Looks like my code is working!

It’s still blocky, but we could easily apply the offset-vector code and it would show the same results as with cubemaps.

But, since we are dealing with 2d texture coordinates now, we can plugin any code for shadow filtering (for example: PCF).

However, there is still a problem –> what if we are at the very edge of a texture block and want to sample the right neighbor? We need to have another function that checks for offsets. If the textureCoord + the offset are out of the current projection we have to translate that to some other texture coordinate.

This, of course, can sometimes be troublesome, because going to the right on our topview might be going down on our left side view.

## Edge Tap Smoothing

Working with texels allows us to have very smooth transitions, since we know “how far into” the texel we are sampling.

For example let’s assume we have a center sample and one sample with

a 1 texel offset.

If we are on the very left of the center texel our right sample is also at the very left and should therefore not have a lot of impact on our final result, since we “cover” only a very very small area of the right sample.

If our center sample is at 0.5 our right sample is at 0.5, too and therefore we cover half of the texel’s area, so we weight this sample with 0.5

You can see a simple illustration of this on the left side, but I admit it might be a bit misleading with the 0 and the 1 values.

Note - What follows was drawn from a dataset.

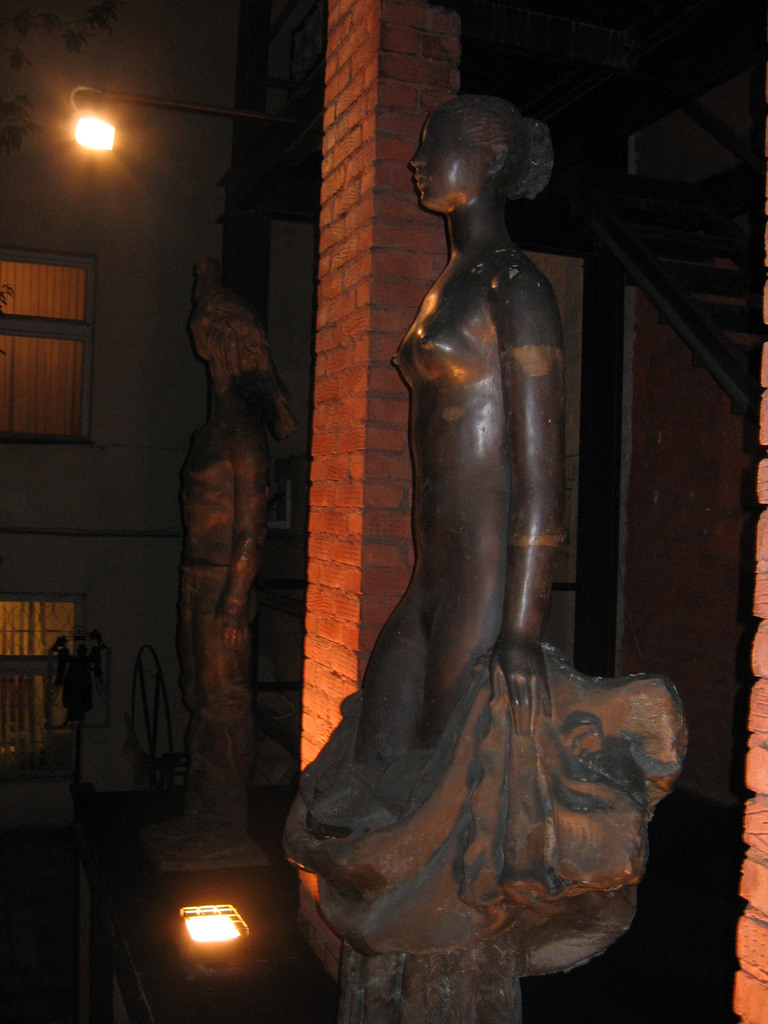 Ночь музеев 2009. Дом Бурганова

Plus it’s not simply adding the colors, but you also have to divide by the total weights, so for 0.5 of red it would be (yellow + 0.5xred) / 1.5f

Regardless here is the actual result on shadow maps (3×3 samples for PCF)

# Result

Of course, by increasing the amount of samples we can get smoother results, but there really is a limit on how soft our shadows can become with PCF before performance tanks.

For soft shadows, perhaps VSM or ESM maps might be a better choice (i implemented them originally for spot lights here: Deferred Engine Progress pt2)

With PCF working correctly one could also implement Percentage Closer Soft Shadows (here is a paper from nvidia: Percentage-closer Soft Shadows) and i might explore that in the future, but the implementation is pretty expensive by default.

So yeah, I hope you liked the read. I’m not a pro or anything, so advice and tips are greatly appreciated.